> **EXERCISE OBJECTIVE**
Here the job is to print only the lines from the one containing "Magena 灰月亮、螢石、煙紫玉髓、堇青、淡水珍珠天然水晶手鍊" to the end of the entries, both included, exactly as they stand, with pictures excluded.

((

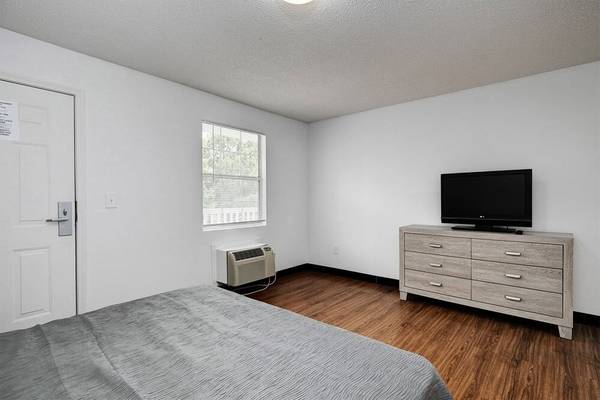Flat Screen TVs, Fully Furnished, Free Parking 1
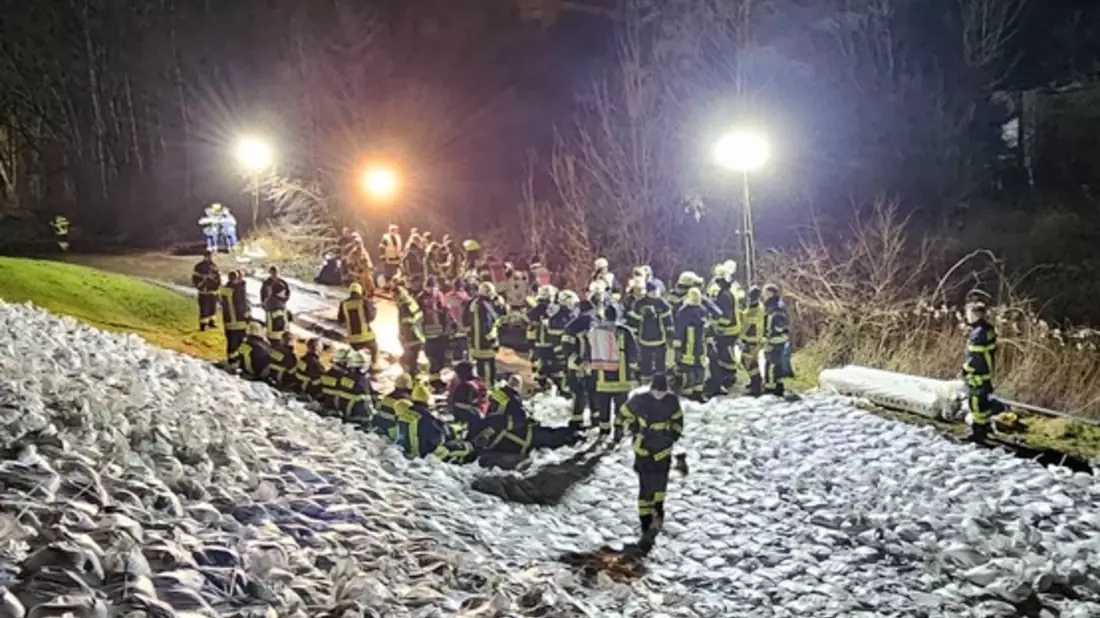 FW-EN: Erneuter Überörtlicher Einsatz mit der Feuerwehrbereitschaft EN/Do - Bild: presseportal.de
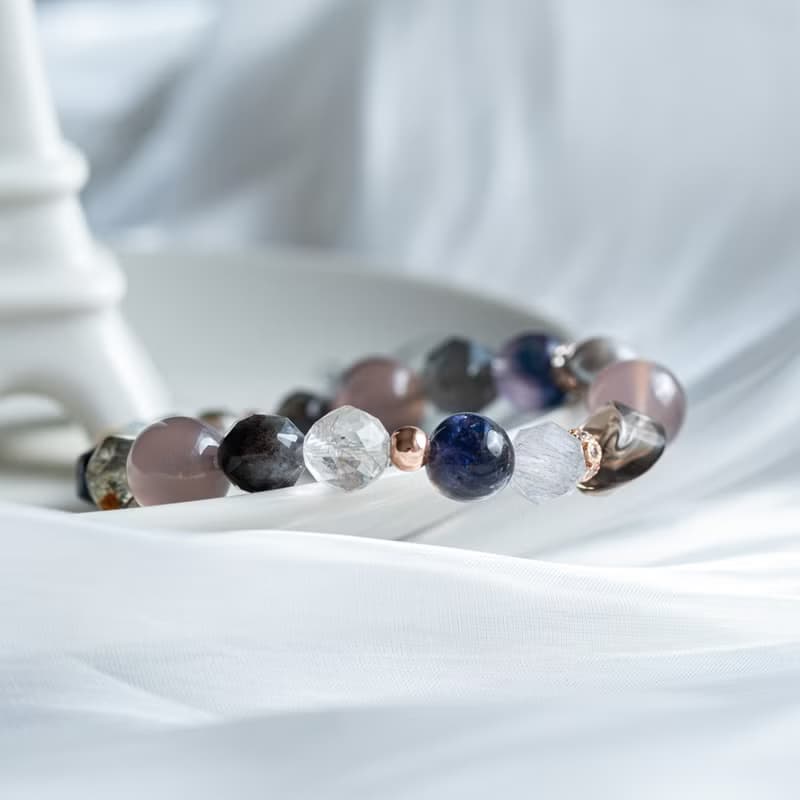 Magena 灰月亮、螢石、煙紫玉髓、堇青、淡水珍珠天然水晶手鍊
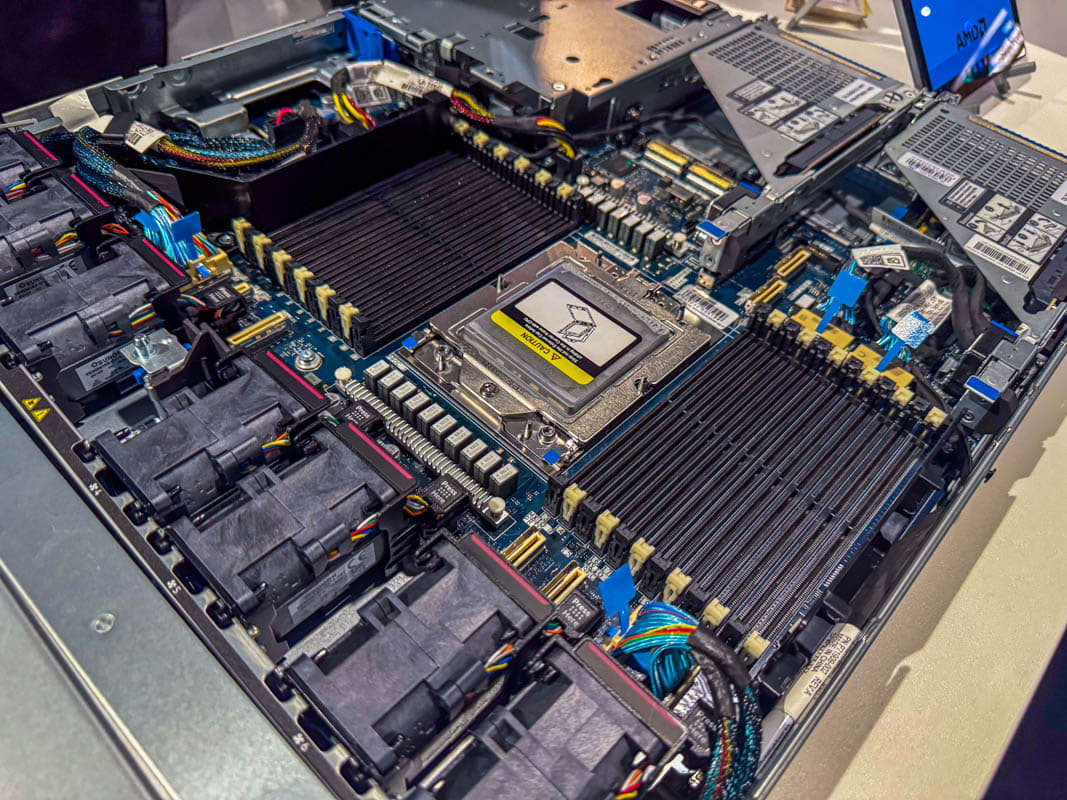 HPE ProLiant DL325 Gen12 и DL345 Gen12 с процессорами AMD EPYC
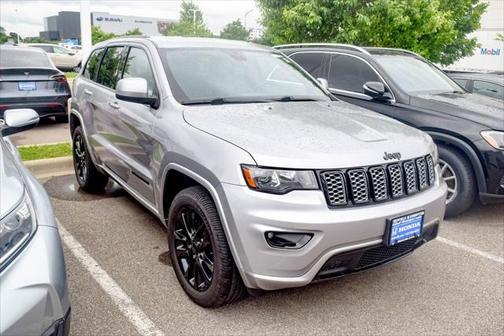 2020 Jeep Grand Cherokee Altitude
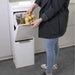 immagine-4-arregui-pattumiera-per-raccolta-differenziata-con-ripiano-superiore-multiuso-2-secchi-cr221-e-ean-8425181745052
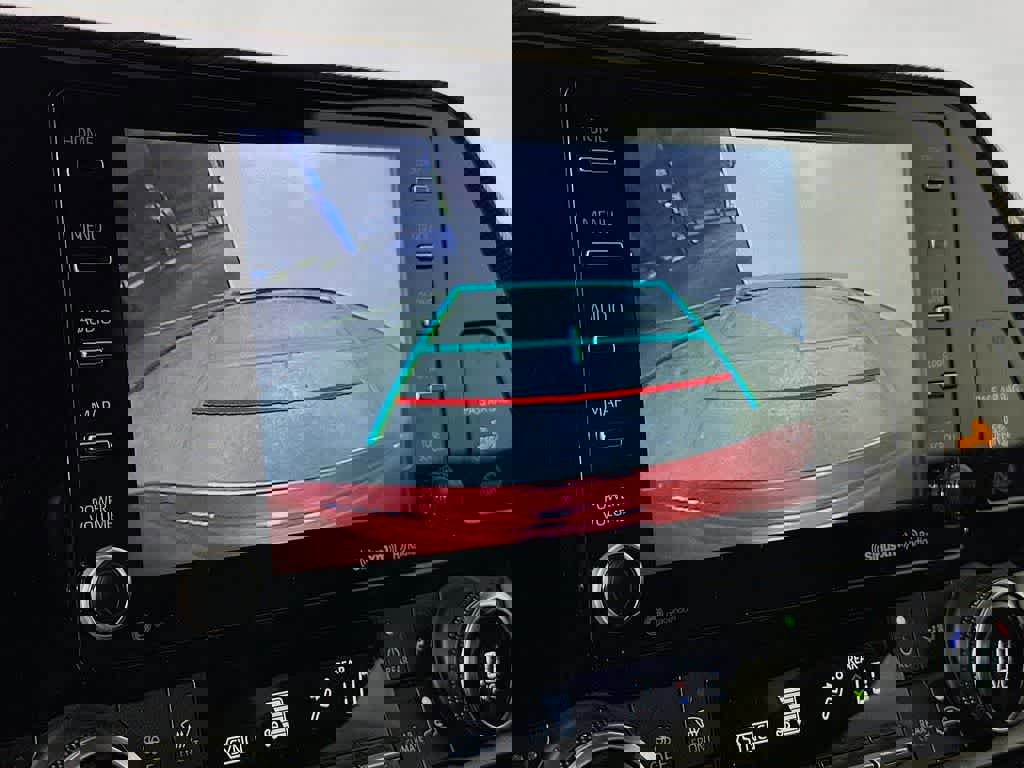 Used 2022 Toyota Highlander XSE AWD/4WD image 27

))

> **EXERCISE SOLUTION**
 Magena 灰月亮、螢石、煙紫玉髓、堇青、淡水珍珠天然水晶手鍊
 HPE ProLiant DL325 Gen12 и DL345 Gen12 с процессорами AMD EPYC
 2020 Jeep Grand Cherokee Altitude
 immagine-4-arregui-pattumiera-per-raccolta-differenziata-con-ripiano-superiore-multiuso-2-secchi-cr221-e-ean-8425181745052
 Used 2022 Toyota Highlander XSE AWD/4WD image 27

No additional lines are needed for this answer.